Through experience in several different aspects of Naval Architecture and Marine Engineering Whiskerstay has developed some skills that are more specific to the subsea industry.
DYNAMIC ANALYSIS OF SUBMARINE CABLES Electrical properties and response of high voltage submarine cables are well understood; however, the structural capabilities of such complex composite constructions are not - particularly in fatigue. In situations where a cable that has been designed to operate under static conditions, i.e. buried in a trench, has become exposed it is then subjected to cyclic metocean conditions over a range of frequencies. Such cyclic loading can, over time, cause fatigue failure of one, or a number, of the internal layers of the cable which can result in a dramatic decrease in performance of the electrical properties. Stabilisation of such a situation can be costly, and at times either not necessary or not required instantly; however proper structural analysis of the cable in the local metocean conditions is imperative to assess the rate of degradation of the internal layers and ultimately prediction of a service life of the cable with respect to fatigue.
HYDRODYNAMIC OPTIMISATION OF REMOTELY OPERATED VEHICLES (ROVs) Whilst many ROVs have incredible capabilities regarding operation in the deep ocean, are highly dexterous when it comes to handling items and have much equipment for monitoring and assessing the local environment - few are optimised for hydrodynamic performance. This limits the ROV to operations in very low currents (less than 1 knot), thereby reducing the locations in which the device can be used efficiently and effectively. Lack of hydrodynamic performance also results in an increased amount of power being required to move the vehicle around subsea, even in areas where currents are minimal. Without changing the size of the structural operational envelope of the ROV, such that it can be stored in specific shipboard hangars etc., various aspects of the device can be subtly altered which markedly improve the hydrodynamic performance. This results in less power being required to propel the ROV through the water, or means that the device can move more rapidly between desired subsea locations, or ultimately it may operate in locations with increased environmental parameters.

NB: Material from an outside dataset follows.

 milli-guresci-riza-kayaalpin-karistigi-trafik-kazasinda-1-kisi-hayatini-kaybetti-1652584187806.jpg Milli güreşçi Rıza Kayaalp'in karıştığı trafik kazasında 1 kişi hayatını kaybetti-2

SMARTER SUBSEA HANDLING CONTROLLABLE BUOYANCY SOLUTIONS There is a continual search for new methods of marine salvage and decommissioning of structures in the open sea in order to improve control and lower operational costs. The concept design of a lightweight, cryogenic, marine, heavy lift, buoyancy system was developed through a consortium of companies led by Deep Sea Recovery. The objective is to be able to raise or lower high mass objects controlled solely from a surface support vessel. As part of the design process for such an arrangement, numerical simulation of the complete system was undertaken in order to develop mechanical, cryogenic and process control systems. The project required the development of a test rig for the cryogenic, marine, heavy lift, buoyancy system and associated test procedures. A prototype was tested in a hyperbaric chamber with good results - the current design has been developed to operate down to a depth of 1000m, with future plans to improve this to 2000m and beyond.